Win or lose, the next day you almost always need to suit up and do it all over again. Like life, the baseball season tests and exposes teams over the long haul rather than from isolated, random stints. That’s what makes this week’s single-elimination wild card play-in games so improper.

The Wild Card Elevates Poor Performers

After a 162-game regular season, the final spots in the Division Series are decided by just one game irrespective of the wild card teams’ final records. In 2012, Major League Baseball added the second wild card team and, in the first five years, eight of the 10 games featured two teams within one game of each other at the end of the season. Fortunately.

However, Atlanta lost their one-game playoff against a St. Louis club six games worse than them in 2012. The next year, Pittsburgh was forced to square off against a Cincinnati team four games worse in their own division.

It gets worse. Tuesday and Wednesday, New York and Arizona will host teams that finished six games behind each of them for winner-take-all matchups. The Diamondbacks had a better record than the NL Central-winning Chicago Cubs and the second-best run differential in their league.
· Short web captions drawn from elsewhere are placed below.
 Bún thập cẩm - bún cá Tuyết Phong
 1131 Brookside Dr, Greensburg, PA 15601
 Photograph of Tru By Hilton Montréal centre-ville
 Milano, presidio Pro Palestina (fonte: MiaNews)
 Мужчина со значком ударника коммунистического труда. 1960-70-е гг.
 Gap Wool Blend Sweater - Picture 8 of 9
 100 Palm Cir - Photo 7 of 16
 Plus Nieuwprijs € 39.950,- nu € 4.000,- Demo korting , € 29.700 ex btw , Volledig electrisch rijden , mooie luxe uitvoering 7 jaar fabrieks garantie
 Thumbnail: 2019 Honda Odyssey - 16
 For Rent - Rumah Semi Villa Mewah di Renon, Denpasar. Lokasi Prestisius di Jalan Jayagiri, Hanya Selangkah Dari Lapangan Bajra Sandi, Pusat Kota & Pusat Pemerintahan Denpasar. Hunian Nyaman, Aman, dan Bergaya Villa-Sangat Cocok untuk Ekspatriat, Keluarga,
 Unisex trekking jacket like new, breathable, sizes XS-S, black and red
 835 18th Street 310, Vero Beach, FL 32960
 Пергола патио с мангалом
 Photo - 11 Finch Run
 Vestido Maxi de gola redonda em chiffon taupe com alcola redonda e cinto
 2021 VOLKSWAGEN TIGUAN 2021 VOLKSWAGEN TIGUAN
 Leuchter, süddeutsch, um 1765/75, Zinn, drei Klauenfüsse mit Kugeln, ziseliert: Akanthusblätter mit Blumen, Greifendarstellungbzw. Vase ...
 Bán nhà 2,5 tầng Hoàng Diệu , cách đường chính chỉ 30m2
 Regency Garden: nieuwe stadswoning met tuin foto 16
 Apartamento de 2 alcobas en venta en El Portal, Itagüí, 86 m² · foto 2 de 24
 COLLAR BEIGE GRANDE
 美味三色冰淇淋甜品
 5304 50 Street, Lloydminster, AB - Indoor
The Yankees had the second-best run differential in all of baseball. Their accomplishments will be rewarded by a game of chance this week. In any other realm of life, we would call that unfair.

Here is food for thought: If the Colorado Rockies manage to beat the D-Backs and their ace Zach Greinke Wednesday night, does that indicate they are A) a better team, or B) only five games worse? There is no rationale for answering the former unless the two teams are tied after the first 162 games. A season that measures success over such a large sample should not embrace randomness and mediocrity as such.

A Better Way to Arrange Postseason Games

None of this to say that arranging a postseason format is easy or scientific. Nor is it to say we should axe it entirely in favor of awarding the championship to the team with the best regular-season record. The postseason should balance excellence over the long season with head-to-head showdowns between the best teams and, yes, the drama of short series.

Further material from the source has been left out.